[Newbies] Accessors

Blake blake at kingdomrpg.com
Mon Mar 12 06:15:05 UTC 2007


On Sun, 11 Mar 2007 18:46:00 -0800, Jerome Peace  
<peace_the_dreamer at yahoo.com> wrote:

> However:
> myCollection := nil.
> or
> myCollection := #() .
> will clear the collection.

Since I want it empty, not gone, I'm doing this:

myCollection := OrderedCollection new.

> On accessors versus raw IVars. its a matter of
> programmer choice. If the data is hidden from other
> classes it can be handled by using just the iVars
> within the class w/o an accessor.

Yeah, I guess. I've always tried to keep the object as close to a client  
of itself as I can but that's a decent rule of thumb.

> Your probably about ready for Kent Beck's book
> "Smalltalk: best programming pattern practices." Which
> will answer a lot of the questions you are about to
> ask.

I didn't find it that inspiring on a browse, but I'll check it out.

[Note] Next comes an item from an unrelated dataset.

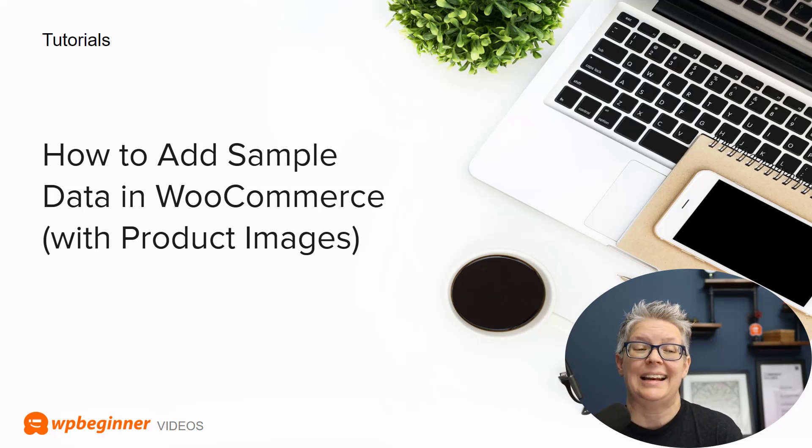If one of the deals you got was maybe a Bluehost account with e-commerce or WooCommerce setup, we show you how to add sample data in your WooCommerce store. This is perfect if you want to see how your website will look with products but you're not quite ready to add your own products yet. Take a look at this tutorial — I did a video so you can watch how to set that up real quick.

> If you try to do the "simplest thing that might
> possibly work." Then you would probably start with the
> ivars and switch over to using accessors when there
> becomes a need.

I guess that works pretty painlessly.

> Go reread the comment for #removeAll I believe you
> will find it does not do what you wish.

Actually, it does, as long as I create an identity copy of the collection  
to pass as the parm.

> Try:
>
> myCollection := OrderedCollection new
> 	add: 4
> 	; add: 3
> 	; add: 2
> 	; add: 1
> 	; yourself.
> myCollection removeAll: myCollection  .
>
> and see what you get. See if you can figure out why.

This looks like something I've seen often in other languages, where the  
iterator ends up missing items because it's changing as it goes. Hard for  
me to believe this is a bug, but that's what it looks like to me.